Education and Partisanship

Interesting graphic from Thomas Edsall in the Times:


More education = more polarization. What is one to make of that?

4 comments:

Anonymous said...

I would say education tends to train students to examine positions, figure them out, argue about them, refine them, and, above all, then take stands on them as stands on principle. Likewise our education system tends to valorize stands taken on principle, the purer and more internally consistent the better, while positions taken on interest (and which are therefore negotiable) are lesser.

Anonymous said...

To put my suggestion another way, it may be that the more one thinks about an issue, the less it becomes susceptible to compromise.

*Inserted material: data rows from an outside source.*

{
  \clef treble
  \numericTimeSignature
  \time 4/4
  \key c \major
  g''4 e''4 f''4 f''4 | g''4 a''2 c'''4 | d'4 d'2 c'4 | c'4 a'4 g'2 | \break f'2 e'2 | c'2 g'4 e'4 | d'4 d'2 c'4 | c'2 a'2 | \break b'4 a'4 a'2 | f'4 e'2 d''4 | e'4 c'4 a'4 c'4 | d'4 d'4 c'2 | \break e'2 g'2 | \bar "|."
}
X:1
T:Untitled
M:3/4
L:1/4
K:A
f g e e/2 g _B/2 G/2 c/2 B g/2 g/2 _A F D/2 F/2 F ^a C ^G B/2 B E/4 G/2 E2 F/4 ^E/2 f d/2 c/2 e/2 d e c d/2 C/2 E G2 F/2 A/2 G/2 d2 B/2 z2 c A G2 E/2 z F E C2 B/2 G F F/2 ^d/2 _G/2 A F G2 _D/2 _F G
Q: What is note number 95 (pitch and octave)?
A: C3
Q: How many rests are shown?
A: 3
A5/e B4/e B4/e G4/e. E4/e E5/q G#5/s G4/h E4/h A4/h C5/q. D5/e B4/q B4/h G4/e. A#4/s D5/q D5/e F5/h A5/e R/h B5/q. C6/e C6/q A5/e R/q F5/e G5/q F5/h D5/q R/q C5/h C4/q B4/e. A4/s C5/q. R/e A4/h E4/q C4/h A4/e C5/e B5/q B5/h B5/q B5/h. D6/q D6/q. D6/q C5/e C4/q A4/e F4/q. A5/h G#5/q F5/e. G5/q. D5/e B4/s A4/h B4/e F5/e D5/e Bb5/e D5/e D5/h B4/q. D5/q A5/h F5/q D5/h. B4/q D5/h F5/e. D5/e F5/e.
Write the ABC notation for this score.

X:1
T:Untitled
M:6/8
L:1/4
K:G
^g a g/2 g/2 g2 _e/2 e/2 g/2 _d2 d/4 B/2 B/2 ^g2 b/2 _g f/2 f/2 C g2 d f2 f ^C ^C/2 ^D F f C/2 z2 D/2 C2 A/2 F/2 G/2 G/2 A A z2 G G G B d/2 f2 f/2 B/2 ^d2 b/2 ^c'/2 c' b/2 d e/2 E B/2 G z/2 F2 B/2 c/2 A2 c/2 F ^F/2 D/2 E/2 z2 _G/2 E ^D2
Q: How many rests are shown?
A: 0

Consider something like OSHA. An obvious compromise would be to give this agency jurisdiction over some industries and not others; or to have it simply decide half of its cases in favor of labor safety, and half in favor of management efficiency and cost-cutting; or to decide every case so that workers get a little more safety, but not too much. But the more one thinks about it, compromises like these betray both the principles of worker protection and business freedom. And the more one thinks about it, the more a person opposed to OSHA is liable to develop a doctrinaire libertarianism, while the more a person in favor it will develop a doctrine of limitless government economic regulation. And how, for example, can a serious libertarian compromise on allowing the existence of OSHA at all?

Yet education encourages us to do things like develop identities based on our beliefs, like "I'm a libertarian" or "I'm a socialist." It encourages us to think of positions like "some regulation, but not too much" as second-rate.

John said...

Right. Which is why the highly educated gravitate toward extreme positions. I have spent much of my life arguing with libertarians; if I had lived in the 1920s I would have spent that time arguing with communists.

John said...

This makes me wonder: is there some kind of education, or level of education, that would get people past ideology? That would teach them how to spot the seams in ideological arguments, that would expose them to the real complexity of the world? Or is it just that you take the education you have and use it to explain the world in the terms your deep, inner psyche understands? So I am not skeptical of ideology because I have some higher knowledge of the world, but because I was born a skeptic?